The activists were convicted of unlawful assembly offences last year over their involving the 2014 Umbrella Movement protests. Law and Wong were given community service orders and had completed their sentences, while Chow was handed a suspended jail term. The Department of Justice lodged a sentence review calling for harsher punishment, and on Thursday, the appeal court sentenced the trio to six to eight months in prison.
Following the ruling, Pelosi said: “This egregious decision – which disqualifies these champions for universal suffrage from running for elected office for five years – is an unjust, underhanded attempt to shut down the legitimate democratic aspirations of the people of Hong Kong. This injustice offends the basic notions of freedom and democracy, and deserves the swift and unified condemnation of the international community.”
See also: In translation: The Occupy sentence review – why Hong Kong’s appeal court jailed Joshua Wong, Nathan Law & Alex Chow
Pelosi also said that the re-sentencing, that came after the activists had already served their previous sentences, was “latest evidence that China has failed to live up to the promise of ‘one country, two systems.”
“Since the Umbrella Movement so bravely led by Joshua and his fellow activists, China has accelerated its human rights crackdown and abandoned any pretense of honoring its pledge of sovereignty.”
“Yet, despite China’s barrage of attacks on the freedoms of the people of Hong Kong, it is clear that the democracy movement will continue stronger than ever. Acts of cruelty and intimidation can never defeat the dreams of universal suffrage, liberty and justice.”
Pelosi added that America has a moral duty to speak out. “[I]f we do not stand up for human rights in China because of economic concerns, then we lose all moral authority to talk about human rights in any other place in the world.”
Calling it a “dark day for democracy,” Pelosi expressed support and solidarity for the trio, as well as “all those who aspire for a more hopeful, free future for Hong Kong.”
Earlier this year, Wong and Chow met with Pelosi to discuss the situation in Hong Kong. Wong and Pelosi had also met previously on various occasions.
Honored to have met Joshua Wong, a student leader who led a big protest demanding universal suffrage in Hong Kong. pic.twitter.com/sSb46j7zIX
— Nancy Pelosi (@SpeakerPelosi) November 18, 2015
Kristin Haworth, spokesperson of US Consulate General Hong Kong and Macau, also expressed concern over the decision.

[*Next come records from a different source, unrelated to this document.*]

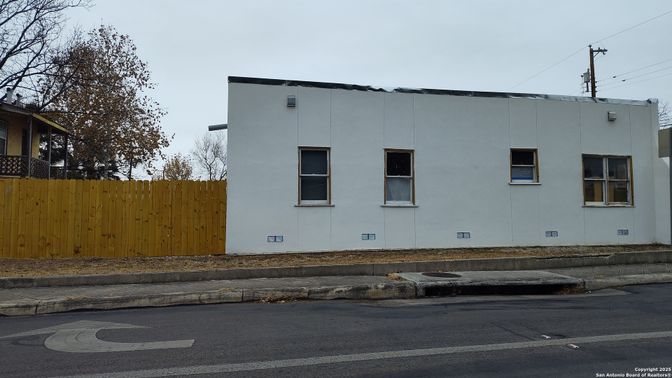 Exterior, Facade, Modern
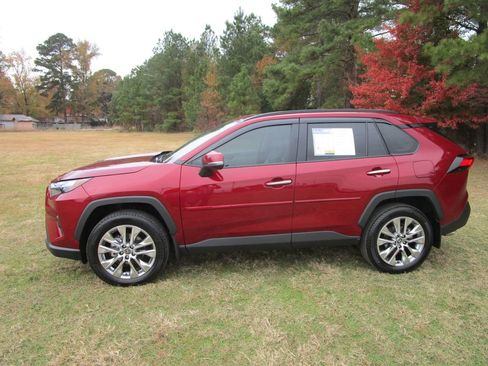 Used 2025 Toyota RAV4 Limited image 2
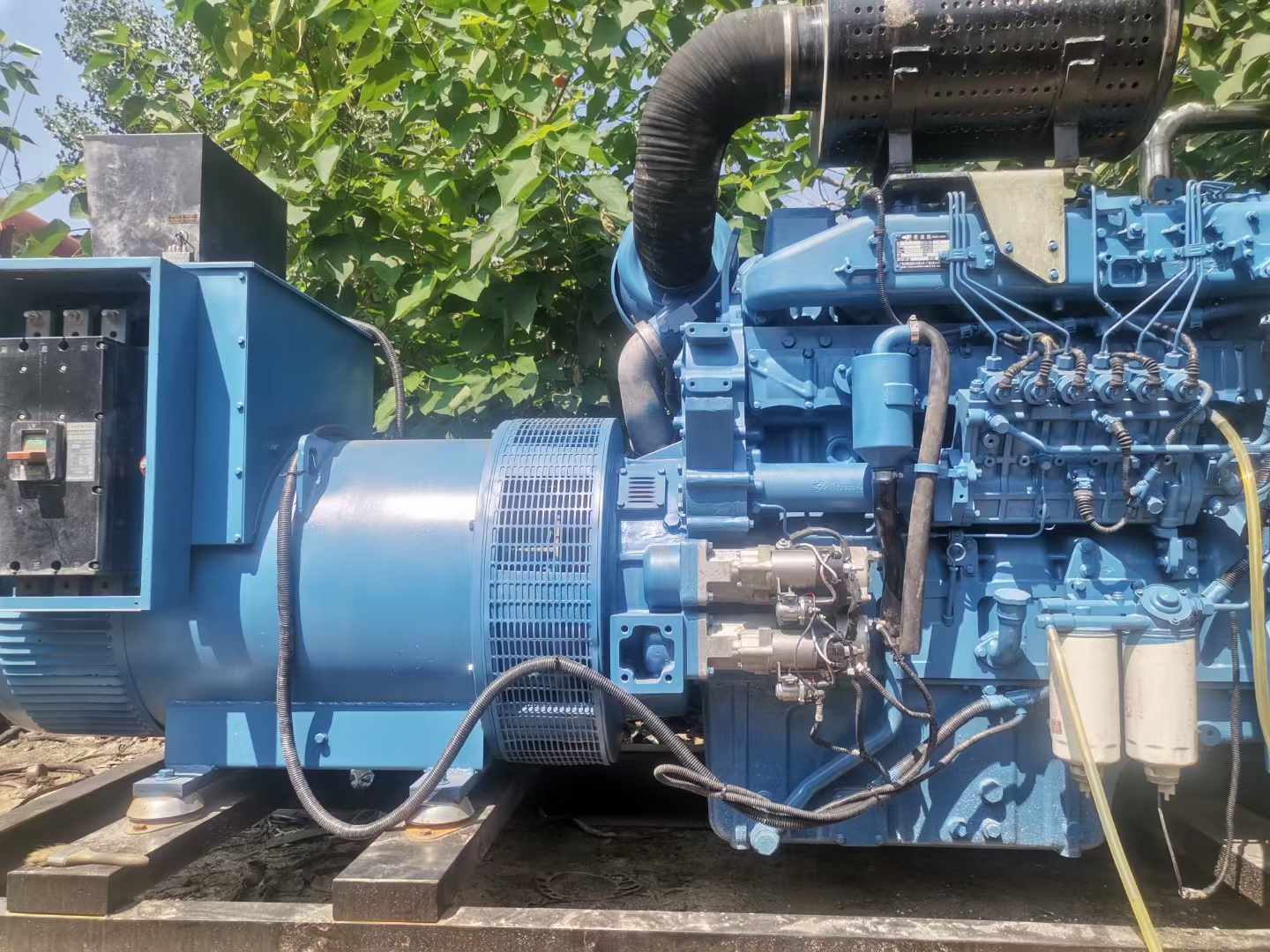 泉山详细说明降低 800kW 柴油发电机输出电流波动的方法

“Hong Kong has long had an independent judiciary and well-established system that respects the rule of law. We hope Hong Kong’s law enforcement continues to reflect Hong Kong’s high degree of autonomy and remains apolitical. We reiterate the importance of respect for the rights of freedom of expression and peaceful assembly,” she told HKFP on Friday.
Meanwhile, House Representative Chris Smith and Senator Marco Rubio, both of whom are on the Congressional-Executive Commission on China, issued a strong statement following the ruling, warning Hong Kong may lose their special status under US law.
“The Hong Kong government may say these are ‘deterrent sentences,’ but to the rest of the world it looks like political prosecutions intended to curtail freedom of expression, the statement said. “The United States must show unwavering support for freedom and the rule of law, but if the Chinese government will no longer abide by the promises made in the Sino-British Joint Declaration, U.S. policy must adapt and reassess whether Hong Kong warrants special status under U.S. law.”